In 1688, thirty-six years after Van Riebeck landed, there arrived at the Cape a group of about 175 Huguenots—men, women, and children—who had been driven from France by the revocation of the Edict of Nantes. Within two generations the French language was forgotten and the descendants of these refugees merged with the Dutch community, adopting their language, religion, and mode of life but adding an astonishing number of French surnames which survive to this day through generations of prolific families.

After the Huguenots came a number of German peasants, lured by the offer of free land, and these three nationalities—Dutch, French, and German—alloyed to become a new and distinct people called Boers (the word means farmers) or Afrikaners, speaking a variation of seventeenth-century Dutch known at first as Taal and then as Afrikaans. Later the mixture was enriched by the addition of Britons, mostly Irish and Scots.

For a century after the last war with the Hottentots the colonists experienced a relatively peaceful time, raising cattle and crops, quarrelling with the Dutch officials, moving ever further from government control, seeking ever more land, and breeding themselves into what Conan Doyle called the most rugged, virile, unconquerable race ever seen upon earth. Almost from the beginning they were discontented with the rule of the Dutch East India Company. In spite of the Company’s efforts to contain the colony within controllable limits and to curb the wanderlust of its people, the boundaries of the colony expanded, mostly to the northeast, as people moved further and further inland. About the middle of the eighteenth century they collided with the blacks in the neighborhood of the Fish River.
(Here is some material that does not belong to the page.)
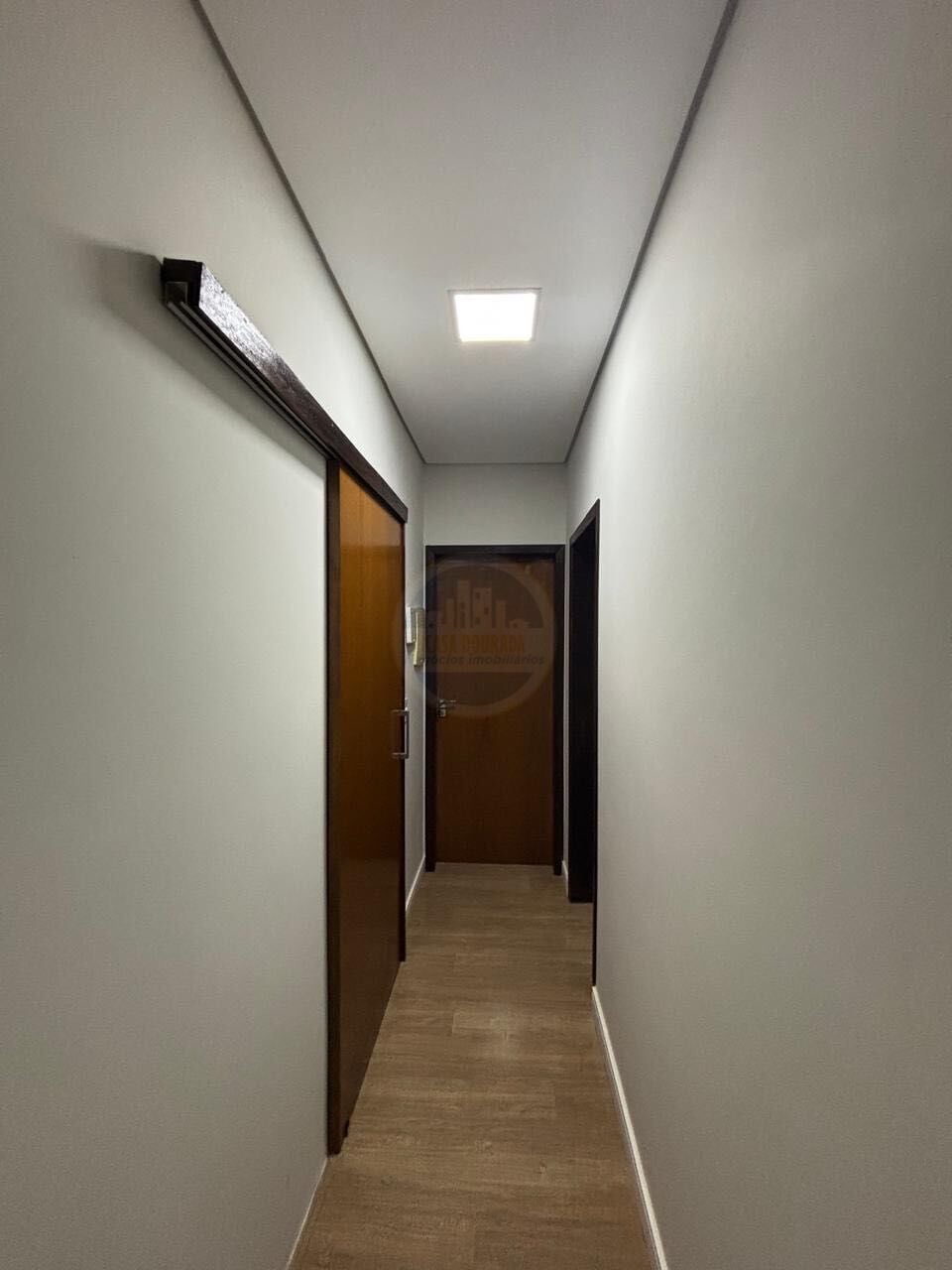 Casa em Santa Fé, foto 22 de 45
The blacks—called Kaffirs until the twentieth century and now Bantu, after the type of languages they speak—crossed the northern edge of what is now the Republic of South Africa, perhaps driven south by more warlike tribes in the interior. They remained at first in the rich agricultural lands north of the Kei and Orange rivers; later they began to move south between the Drakensberg range and the Indian Ocean until eventually but inevitably they encountered the advancing whites. Blacks and whites competed for grazing lands and began a sporadic conflict which was to last for more than a century until the blacks were beaten into submission and settled down to living and working by the white man’s rules.

In 1795, when a French-inspired republic replaced the royal government in Holland, the Prince of Orange fled to England and asked the British to take charge of Dutch colonial possessions until he could return to his throne, thus ending the 143-year reign of the Dutch East Africa Company in South Africa. The Afrikaners liked the British government no better than they had the Dutch; they had, in fact, already developed an almost inbred detestation of any form of government. They continually complained, protested, revolted, and made themselves generally troublesome.
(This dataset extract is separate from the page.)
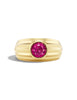 One Of A Kind Intention Ring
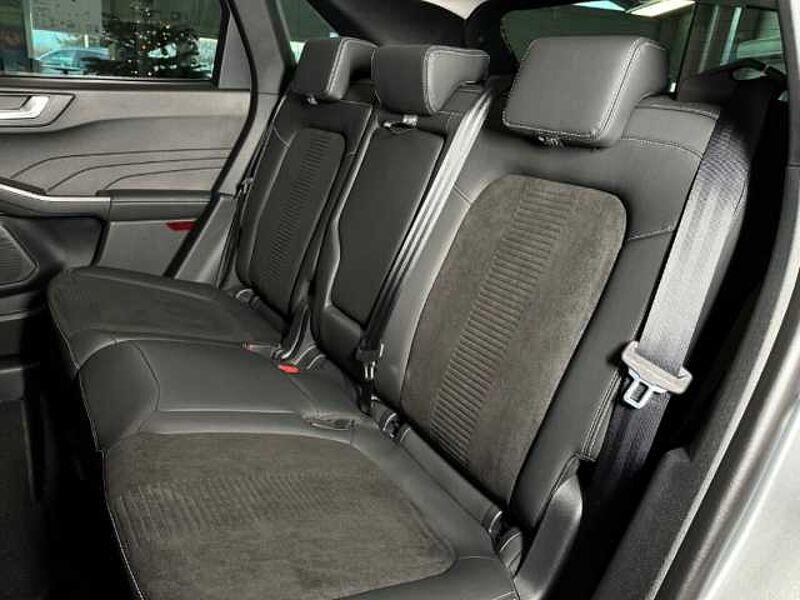 Ford Kuga Hybrid Active X+360°Kamera+B&O+Head-Up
In 1802, as one result of the Peace of Amiens, Cape Colony was restored to Holland, but less than four years later, in January 1806, a British expeditionary force captured it to keep it out of the hands of the French and in 1814 it was formally ceded to Britain. This time the British came to stay. But British concepts of justice and humanity conflicted with those of Britain’s truculent white South African subjects. From the beginning, her policies were designed to protect what she regarded as the interests of the natives and to prevent the abuse of slaves and Hottentot servants, who often lived in a state close to slavery. To the Boers it seemed that their British rulers were unduly interested in the welfare of these people, for the Boers believed in the right of every white man to beat his own nigger and that the relationship between a master and his servants and slaves was a private, domestic affair of no legitimate concern to the government.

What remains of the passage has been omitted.